So now that I have more than a passing interest in chemistry (and
therefore
cheminformatics/chemi-informatics/chemoinformatics/whatever-you-call-it),
I'd like to see what the state of the art is for representing chemical
information and if there are any decent libraries for working with
these representations. At first glance, I'm in luck. There's CML, the
Chemical Markup Language, there's the Blue Obelisk set of projects for
open source/open data/open standards in chemsitry, and there's the
CDK, the Chemistry Development Kit. This all sounds promising. Let's
dive in.
Working in reverse order, let's start with CDK. Google CDK and it
shows up as the first hit -- even before the Cyclin Dependent
Kinases. This is good. Now let's follow the link. Uh oh. It's a link
to sourceforge. That's alright, we'll click through and hope for the
best. Ah, not only is it on sf.net, but it's a wiki site:
http://apps.sourceforge.net/mediawiki/cdk/index.php?title=Main_Page.

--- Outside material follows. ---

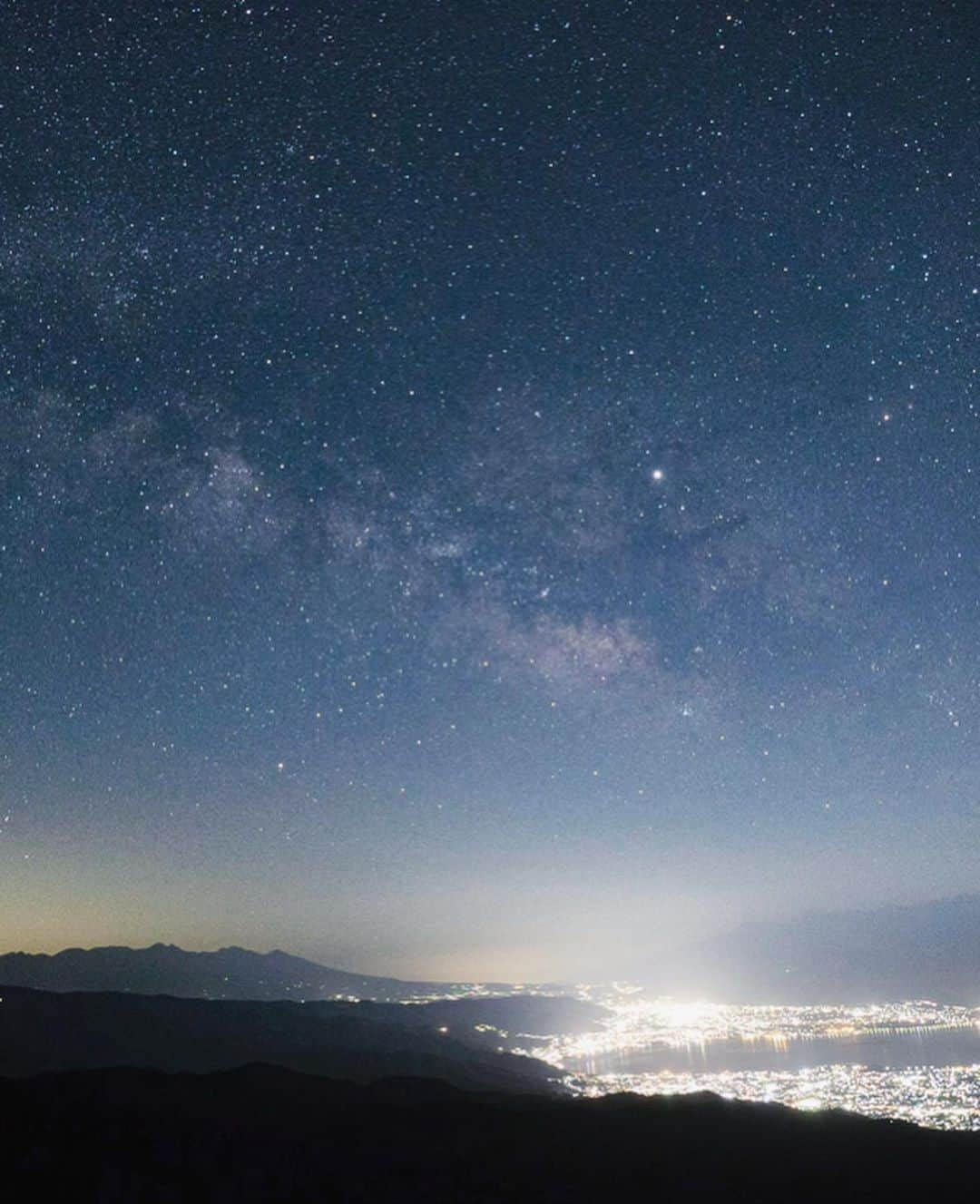 masayaさんのインスタグラム写真 - (masayaInstagram)「Mt.Takabocchi  Nagano Prefecture 高ボッチ山頂付近、灯りが無い真っ暗な道を進む。3度目なので余裕で歩けて怖さは無い。時々悲鳴に似た鹿の鳴き声が辺りに響き渡るのも慣れた感がある。山頂にたどり着けば向こう側に諏訪の夜景が見える。気温は8度だけど風が無く絶好の撮影日和。 写真は月が昇る前の天の川。 #天の川 #高ボッチ高原  #長野県 #星空」5月27日 20時15分 - moonlightice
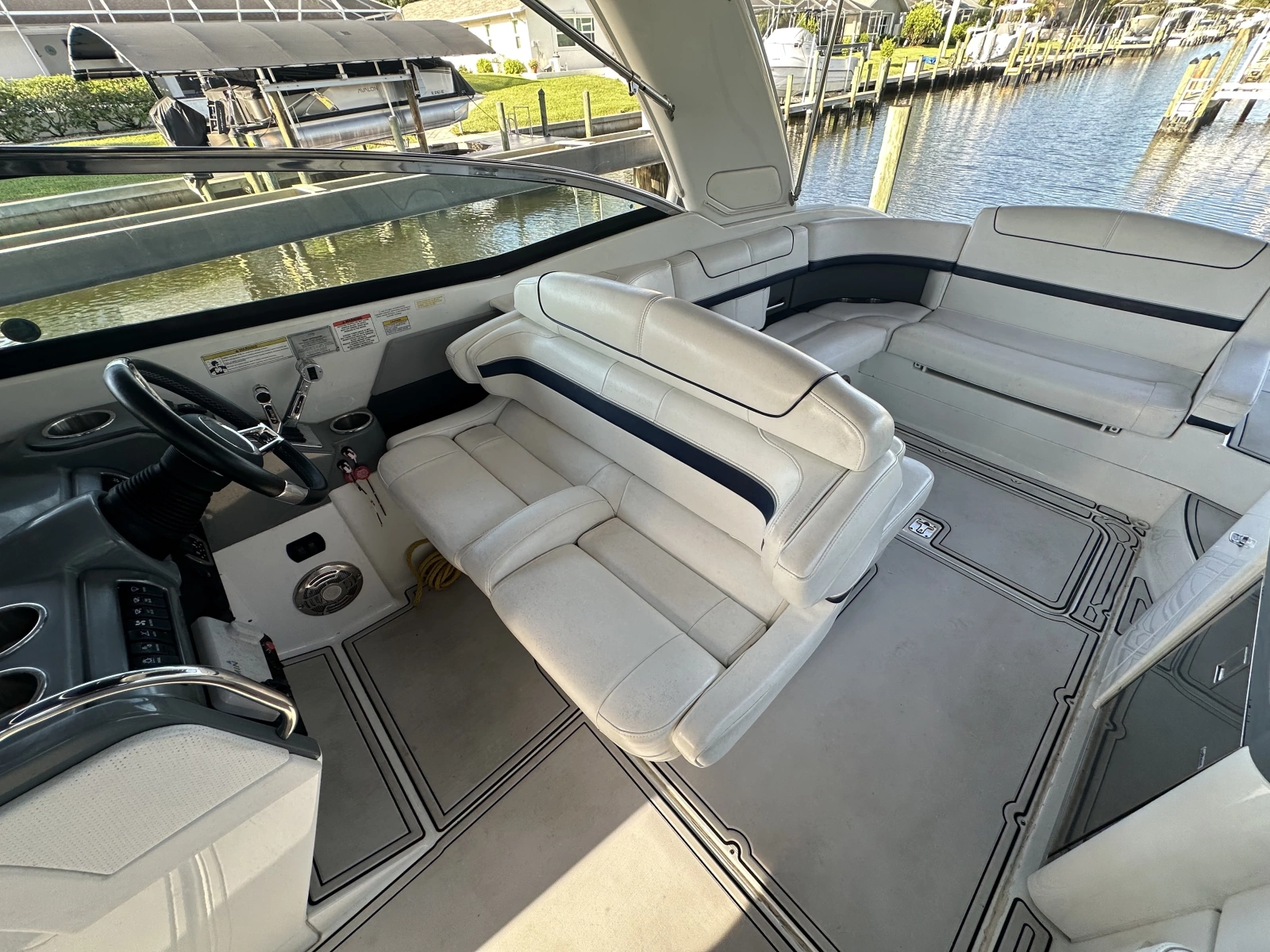2014 Formula 310 Bowrider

Ugh. Alright, I'll try to overcome my biases and keep plugging
away. It's not that all wikis are bad, but rather that, IMO, they are
a poor substitute for a properly designed web site for a project. They
certainly have a place, but the idea that all web content gets
wiki-ized can lead to some rather difficult-to-follow web pages,
again, IMO. The wikipedia example is a good counterexample to my
claim, but, most other wiki sites don't have the complete, polished
feel of wikipedia. In any event, let's keep plugging ahead with CDK.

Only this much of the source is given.